The Amgen Tour of California enters its second decade in 2016, this being the 11th edition of the race. Usually it’s a sprint fest with a key G.C. stage or two plus a time trial, but this year the course is much more suited to the puncheurs of the peloton, with fewer chances for the pure fast men. It is the premier stage race in the US, followed by the USA Pro Challenge and Tour of Utah – so it’s no surprise that the US world tour teams and major US riders are all present. Since 2010 it has been held in May (originally it was in February), so it has to compete with the Giro to attract the big names; however that hasn’t hindered the racing, and last year’s edition was one of our favourite stage races of 2015. Awkwardly, the title sponsor Amgen produces the drug Erythropoietin, also known as EPO! Presumably they don’t throw free samples out of the caravan ahead of the race.

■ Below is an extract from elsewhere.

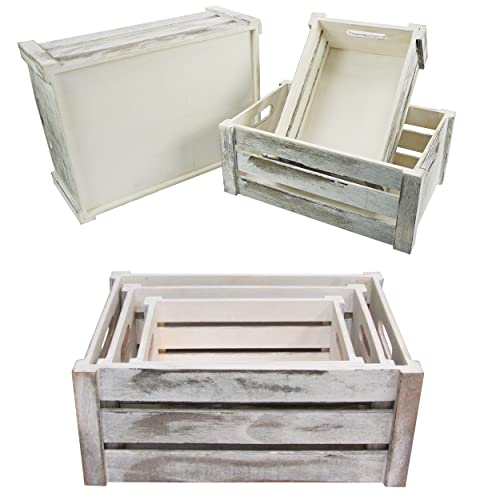 Admired By Nature Rustic White Set of 3 Distressed Decorative Wood Crates Storage Container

General Classification Contenders
Rohan Dennis and Samuel Sánchez will be joint leaders for BMC this year. The Australian hasn’t had the successful spring that he did in 2015 having suffered from illness and only making his return at the Tour de Yorkshire. He will be favourite for the stage 6 time trial (with his main goal this year the Olympics), but he may fade on the climbs of the stage preceding this – his G.C. ambitions may be over before the race against the clock. Sammy Sánchez on the other hand has been in great form; fourth at Liège-Bastogne-Liège and sixth at La Flèche Wallonne, plus sixth in G.C. at País Vasco. Team leadership will be decided on the climbs, but the Spaniard is in pole postion at the moment. They also have a very strong team with Taylor Phinney, Greg Van Avermaet, and Brent Brookwalter
Cannondale come with Lawson Craddock as the home nation’s favourite; he went well in País Vasco and Critérium International, with multiple top ten stage finishes against the best climbers, and finishing in the top 10 on G.C. in both those races. He’ll have support from Patrick Beven, who was tenth on G.C. at the Tour Down Under, as well as Tom Skujiņš, who won a stage here last year. Andrew Talansky is also here, but you have to feel sorry for him really; he seems to be the Matty Goss of G.C. riders, with his best days rapidly slipping behind him as he quietly slips down into a domestique role.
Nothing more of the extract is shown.